* WORK TASK *
Read the lines of the data below and retrieve those with "Print".

[Stored dataset items]

+ + + +

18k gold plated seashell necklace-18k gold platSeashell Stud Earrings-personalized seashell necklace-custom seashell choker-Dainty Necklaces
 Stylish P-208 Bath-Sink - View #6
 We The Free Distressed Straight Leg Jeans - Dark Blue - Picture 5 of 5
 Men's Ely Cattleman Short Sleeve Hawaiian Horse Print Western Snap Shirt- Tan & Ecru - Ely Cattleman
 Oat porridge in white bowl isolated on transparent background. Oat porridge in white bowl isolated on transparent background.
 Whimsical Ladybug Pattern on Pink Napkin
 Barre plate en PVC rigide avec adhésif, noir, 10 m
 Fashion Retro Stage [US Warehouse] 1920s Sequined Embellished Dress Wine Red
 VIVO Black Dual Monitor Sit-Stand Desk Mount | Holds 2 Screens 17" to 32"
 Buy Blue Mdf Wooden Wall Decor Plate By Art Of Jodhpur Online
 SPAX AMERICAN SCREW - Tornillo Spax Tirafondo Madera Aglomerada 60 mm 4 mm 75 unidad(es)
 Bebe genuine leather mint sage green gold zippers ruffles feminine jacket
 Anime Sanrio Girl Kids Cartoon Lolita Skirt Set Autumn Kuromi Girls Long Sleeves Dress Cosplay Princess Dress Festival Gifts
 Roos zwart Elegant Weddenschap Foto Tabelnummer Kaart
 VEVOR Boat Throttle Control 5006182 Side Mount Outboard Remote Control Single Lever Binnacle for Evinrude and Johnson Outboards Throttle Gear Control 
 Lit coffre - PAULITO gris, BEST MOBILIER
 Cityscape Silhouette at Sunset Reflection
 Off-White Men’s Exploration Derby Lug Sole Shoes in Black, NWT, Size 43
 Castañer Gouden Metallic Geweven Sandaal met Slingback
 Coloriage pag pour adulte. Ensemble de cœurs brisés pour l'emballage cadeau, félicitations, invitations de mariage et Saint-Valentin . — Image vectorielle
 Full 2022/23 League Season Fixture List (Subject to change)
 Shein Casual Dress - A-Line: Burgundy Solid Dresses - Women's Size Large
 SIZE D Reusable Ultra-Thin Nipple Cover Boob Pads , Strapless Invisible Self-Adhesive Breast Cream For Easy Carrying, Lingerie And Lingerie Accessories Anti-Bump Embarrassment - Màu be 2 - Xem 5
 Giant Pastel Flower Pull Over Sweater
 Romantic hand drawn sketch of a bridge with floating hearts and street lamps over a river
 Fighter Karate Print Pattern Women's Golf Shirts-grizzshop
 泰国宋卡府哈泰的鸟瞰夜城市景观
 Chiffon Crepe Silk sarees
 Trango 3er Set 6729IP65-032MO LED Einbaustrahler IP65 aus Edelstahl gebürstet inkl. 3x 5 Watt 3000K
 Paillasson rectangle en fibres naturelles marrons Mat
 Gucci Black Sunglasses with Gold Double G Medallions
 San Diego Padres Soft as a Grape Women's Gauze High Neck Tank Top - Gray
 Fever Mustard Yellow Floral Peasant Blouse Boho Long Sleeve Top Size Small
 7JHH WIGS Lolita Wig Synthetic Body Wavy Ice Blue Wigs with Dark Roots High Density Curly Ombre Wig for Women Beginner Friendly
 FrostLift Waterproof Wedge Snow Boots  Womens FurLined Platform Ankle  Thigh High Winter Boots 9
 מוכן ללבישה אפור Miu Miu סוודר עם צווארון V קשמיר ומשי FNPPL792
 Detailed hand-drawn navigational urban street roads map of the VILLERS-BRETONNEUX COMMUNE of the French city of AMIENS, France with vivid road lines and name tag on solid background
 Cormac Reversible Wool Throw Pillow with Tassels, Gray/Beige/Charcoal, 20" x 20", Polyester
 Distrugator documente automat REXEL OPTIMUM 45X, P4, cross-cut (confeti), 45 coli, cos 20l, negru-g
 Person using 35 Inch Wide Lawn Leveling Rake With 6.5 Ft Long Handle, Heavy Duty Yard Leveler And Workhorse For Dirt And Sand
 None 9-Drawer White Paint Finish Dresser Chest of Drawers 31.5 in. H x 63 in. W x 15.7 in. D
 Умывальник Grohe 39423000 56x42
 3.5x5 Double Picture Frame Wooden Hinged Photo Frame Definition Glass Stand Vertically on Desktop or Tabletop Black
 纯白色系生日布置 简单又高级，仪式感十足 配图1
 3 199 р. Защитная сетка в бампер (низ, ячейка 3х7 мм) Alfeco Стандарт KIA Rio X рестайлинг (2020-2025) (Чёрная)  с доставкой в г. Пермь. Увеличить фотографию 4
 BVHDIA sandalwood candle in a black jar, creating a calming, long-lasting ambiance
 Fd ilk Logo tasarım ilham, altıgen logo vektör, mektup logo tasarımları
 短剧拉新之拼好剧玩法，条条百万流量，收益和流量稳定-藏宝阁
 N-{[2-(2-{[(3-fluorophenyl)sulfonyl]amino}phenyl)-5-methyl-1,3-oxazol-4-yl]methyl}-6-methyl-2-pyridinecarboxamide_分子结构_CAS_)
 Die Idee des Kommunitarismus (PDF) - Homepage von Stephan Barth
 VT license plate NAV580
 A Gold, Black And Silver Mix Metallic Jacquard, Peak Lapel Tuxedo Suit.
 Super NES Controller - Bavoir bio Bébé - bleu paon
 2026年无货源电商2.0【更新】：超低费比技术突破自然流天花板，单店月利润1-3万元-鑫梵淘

+ + + +

* RESULT OF THE TASK *
 Men's Ely Cattleman Short Sleeve Hawaiian Horse Print Western Snap Shirt- Tan & Ecru - Ely Cattleman
 Fighter Karate Print Pattern Women's Golf Shirts-grizzshop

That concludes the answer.